There is no doubt that Maguire has improvements to make in his game off the back of a disappointing campaign, but it must be remembered that the 29-year-old was included in Uefa’s team of the competition following last summer’s delayed Euro 2020 tournament and the United captain’s name was sung loud and proud by those gathered at Wembley during England’s run to the final.
Gareth Southgate, the England manager, called the reception an “absolute joke” and said it has centred around a “mob mentality”. Possibly it stemmed from the daytrippers at the national stadium rather than England’s core of supporters. Nevertheless, Southgate said it must stop.
“I thought the reception was a joke. Absolute joke.
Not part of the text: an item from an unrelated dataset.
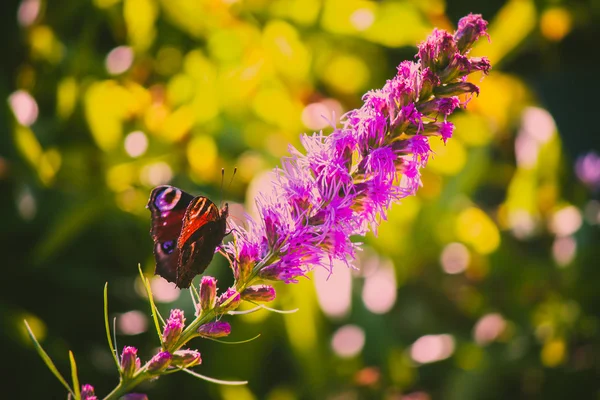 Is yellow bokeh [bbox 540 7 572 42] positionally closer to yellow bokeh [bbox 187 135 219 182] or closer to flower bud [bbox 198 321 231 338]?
yellow bokeh [bbox 187 135 219 182]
I don’t get it,” Southgate said. “What he has done for us is phenomenal. I don’t understand how it benefits anybody. We are either all in it together or we are not. I would imagine if you were to ask people why they were doing that, they wouldn’t be able to answer. It becomes a mob mentality.
“I am very aware it is not everybody, but don’t think for one minute that the other players are not looking and thinking, ‘That could be me one day.’ And that has been one of the problems of playing for England — players have thought, ‘Do I want to go because when it turns a bit difficult, the crowd are going to turn on me?’
“That happened with John Barnes here, it happened with Ashley Cole and with Raheem [Sterling]. Now Harry.”
Maguire didn’t let the jeering deter him as he played his part in England’s first two goals, showcasing his ability to start attacks as well as stop them. He was never troubled by Ivory Coast’s Sebastian Haller and the visitors’ threat weakened further when they were reduced to 10 men following a double booking for Serge Aurier, the former Tottenham Hotspur defender.
Despite his underwhelming season, Maguire remains Southgate’s first pick in England’s back line and will be trusted to play a big part in the World Cup which commences in November.
“We need Maguire playing well to have a chance of doing well because we are not going to win a World Cup with players who have three of four caps,” Southgate added. “That has never happened in the history of the game. We need our experienced players playing well. He is top quality and, in my opinion, he is the best centre half at his club as well.
“Where this is all being fed from, I am not sure. It is ludicrous. I cannot remember a player having that spotlight on him at any point.”
Jack Grealish also spoke on the abuse that Maguire receives and told of how the squad are unhappy with how their team-mate has been vilified. “Personally, I think it is ridiculous,” he said. “Harry has been unbelievable for us in a World Cup and a European Championship and our first two goals tonight came from him.
“It was ridiculous for him to get booed and it wasn’t something the team liked. You don’t mind it off opposition fans, but not you own fans.”